Betrayed by a Vacation (my origin story)

Two years ago I had the audacity to think I was capable of walking 6 miles and I have never been the same since.  I was walking in Philly wearing some high ankle boots and suddenly I could no longer stand.  One of my legs was just dragging. There was no twist or pop involved and I did not fall down. In normal circumstances, I would have gone to see a doctor but I was in a strange city and a freak snowstorm hit that night while I was icing/resting. I seemed to recover over the course of my vacation at least partially after purchasing an over the counter ankle wrap but I never got full strength back. I tried to slowly increase my activity but every time I would walk more than a few miles my leg would respond in the same manner. Due to work demands and a general fear of the diagnosis I knew I would get if I went to the doctor, I continued on this way for about a year (mistakes were made).

After a year of pain bouncing between a 2-4 level, I couldn’t take it anymore. I was running a big event at work and could barely walk and was in a ton of pain. I went to my primary care doctor (Doctor A) and she ordered an x-ray. I was diagnosed with an ankle sprain and some arthritis.  They also noted I have something called Os Trigonum syndrome which is an extra bone in your ankle that usually causes no issues but can get crunched like a nut in a nutcracker in rare circumstances. I was given crutches and RICE, as they did not believe my bone spur or extra bone was the issue… which did not work at all.

After a few months of no improvement, I was referred for an MRI and spoke with a podiatrist (Doctor B). This doctor recommended some very random surgery which I was not convinced I needed when I asked what next steps for me where.  He also said  “oh yeah, I guess you’re still young” when I wasn’t willing to limp around in pain forever. At the ripe old age of 31, it had never occurred to me that any doctor would imply I wouldn’t want to walk again or that I wasn’t a candidate for any kind of corrective procedures. Needless to say, he wasn’t my favorite. I wanted a second opinion so he referred me to a sports medicine specialist (Doctor C).

At this point, I began to feel the complete lack of communication in the medical community. None of my records were forwarded to this specialist and no one told me to request it.  Having never needed multiple doctors in my life I was utterly confused and had no idea which way was up anymore. This left me trying to explain to Doctor C what was going on (having little to no idea myself). Doctor C laughed when I told him Doctor B’s suggestion of surgery. I have never felt more concerned about my physical health and less reassured by a physician.  He did at least acknowledge that it was hard to know who to listen to when doctors disagreed.  Without ever seeing my files, he recommended physical therapy.
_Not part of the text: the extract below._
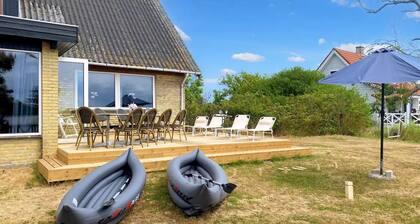 Summer cottage tucked away in coastal area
My physical therapist was delightful and while I didn’t ever see an improvement from my work with her, I think I can credit her with the recovery from my ankle sprain.  I was diligent in my exercises to the point where I would do them every morning and evening and often some on my lunch break.  Standing on my bad ankle never stopped hurting and I eventually found a routine that seemed to ease some of my symptoms.  I would have gone back to the doctor after a few months since my pain was still present but there was a horrific tragedy at my place of work in which a person lit themselves on fire and burned alive in front of us.  the consequence of this was that I was in no fit state of mind to do anything but try to get through the day and go to therapy for depression for several months.

Finally, I tried to get back into physical therapy but was told I needed to be referred by a doctor again.  In a fun twist, my primary care doctor had just retired so I found a new doctor who referred me to Doctor D, who was a physical medicine doctor.  He was by far my favorite physician at this point.  He took a lot of time diagnosing my issue as Os Trigonum syndrome and explained my options with a lot of compassion and kindness.  Unfortunately, he did not do surgeries so he referred me to Doctor E  who is a podiatrist and does surgery.

Doctor E took new x rays since it had now been over a year since my last one.  I had my left ankle x-rayed also because the same symptoms had begun there to a much smaller degree (I am not kidding you).  The new x rays showed my bone spur was much bigger and it was rubbing on my Achilles tendon.  I also had developed another small spur on the front of the ankle (joy), likely from all the continued inflammation.  Because I had tried everything conservative already Doctor E. recommended surgery.  They would have to cut my Achilles tendon to get to my largest spur and could do a keyhole surgery on the front one.   I mentioned my Os Trigonum bone and Doctor E did not think it was the source of my pain and did not want to remove it.  I said “ah, but while you’re already in the area maybe we should just take that thing out just in case, right?”.  He did not agree, haha.  There is apparently a heightened risk of nerve damage around the Os Trigonum.

Despite having surgery scheduled which I felt pretty sure was needed, I did not feel great about this visit.  I was scared I’d just be back again for another surgery after the long road back from Achilles tendon surgery to get my Os Trigonum out.  It is also just incredibly frustrating to hear from so many doctors and have so few agree on diagnosis/plan of action. I never really got an answer as to what caused all this damage to begin with aside from being overweight and apparently old (I’m 31).  But anyway, that’s how it all began 2 years ago.